Content starts

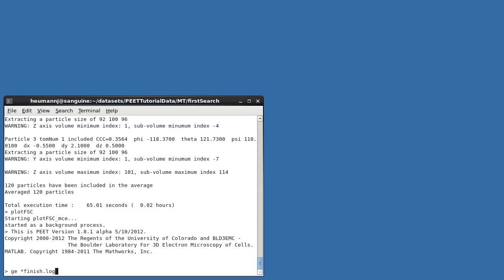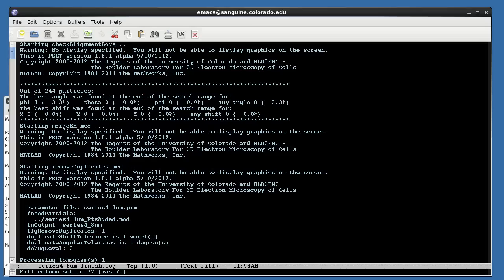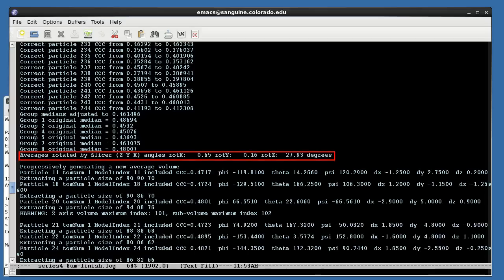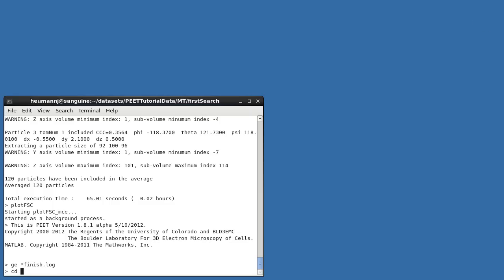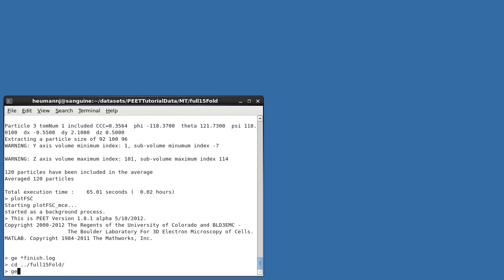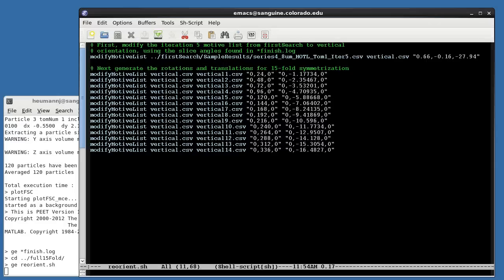The necessary angles are listed in the finished.log file, so I'll open this file in a text editor, and we'll search for the word slicer, which will take me to a line containing the required angles. Making note of these, let's go up to directory full_15fold, where we'll do the symmetrization, and where I've created a shell script, reorient.sh, to perform the necessary operations.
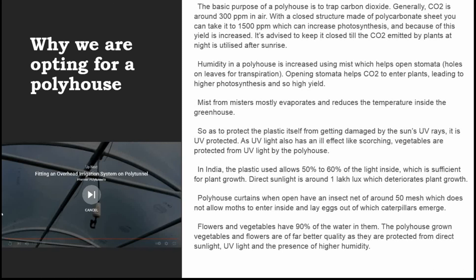Mist from the misters mostly evaporates and reduces the temperature inside the greenhouse. To protect the plastic itself from UV rays, it is UV-protected, as UV light also has an ill effect like scorching. Vegetables are protected from UV light inside the poly house. In India, the plastic used allows 50% to 60% of light inside, which is sufficient for plant growth — direct sunlight is around 1 lakh lux, which would deteriorate plant growth. Poly house curtains, when open, have an insect net of around 50 mesh, which does not allow moths to enter and lay eggs from which caterpillars emerge.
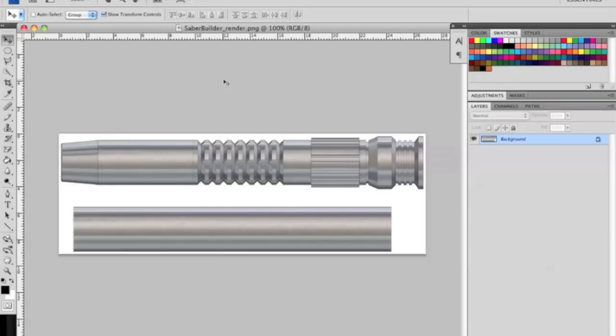Alright, this is part two of the TCSS render tutorial using MHS parts to create a custom saber design.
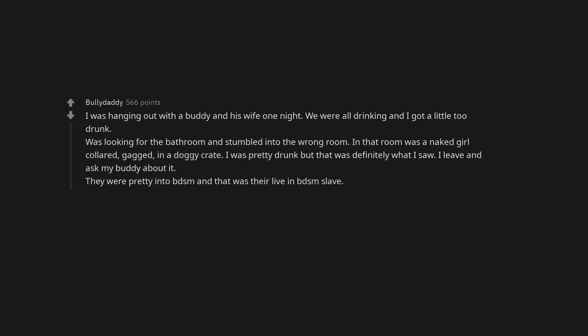I was hanging out with a buddy and his wife one night. We were all drinking and I got a little too drunk. Was looking for the bathroom and stumbled into the wrong room. In that room was a naked girl collared, gagged, in a doggy crate. I was pretty drunk but that was definitely what I saw. I leave and ask my buddy about it. They were pretty into BDSM and that was their live in BDSM slave.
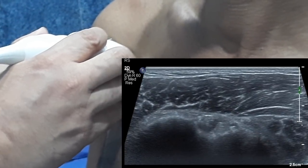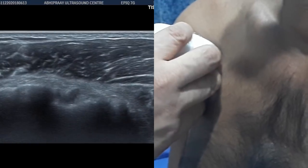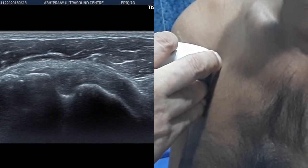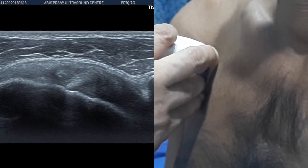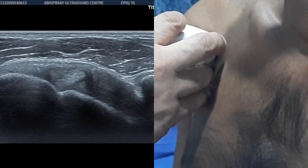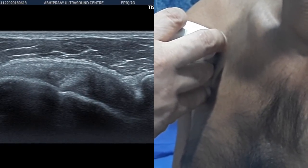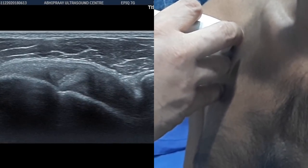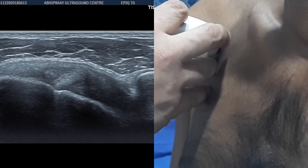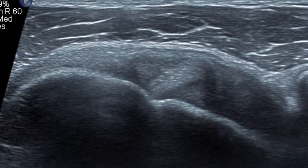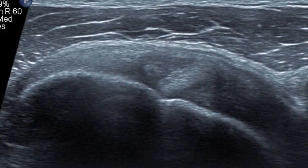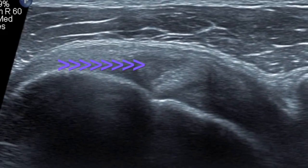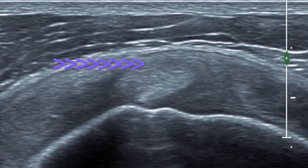If you assess the biceps tendon as it goes in the intra-articular part, that's when the tendon becomes more oblique. You will see a cuff surrounding the tendon. The superior aspect of the cuff is formed by the coracohumeral ligament and the inferior medial aspect is formed by the superior glenohumeral ligament. This is the cuff of the biceps tendon.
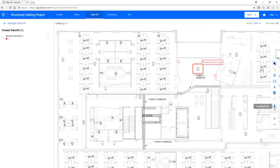Now let's download the PDF so we can forward it along to our field team.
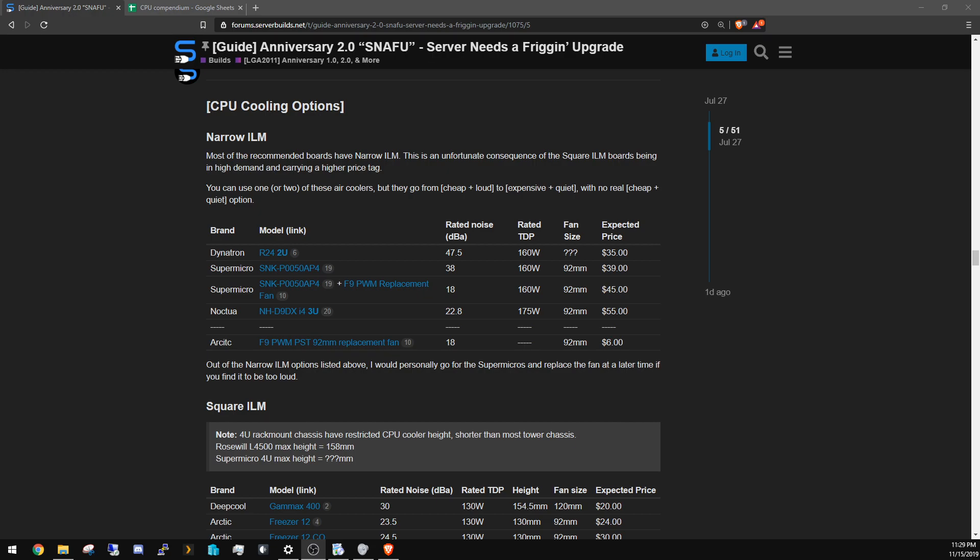So if you're trying to keep the price down, what do you do? Do you have a server that you can't put in a room, you have to put in your garage because it's so loud? Or do you break the bank on a CPU cooler when you're trying to keep the price down?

Content ends

PROBLEM DETAILS - Nothing but the lines from the one containing "Now let's download" through the end of the listing should be written out, each exactly, and pictures must be left out.

SOLUTION TO THIS PROBLEM -
Now let's download the PDF so we can forward it along to our field team.
So if you're trying to keep the price down, what do you do? Do you have a server that you can't put in a room, you have to put in your garage because it's so loud? Or do you break the bank on a CPU cooler when you're trying to keep the price down?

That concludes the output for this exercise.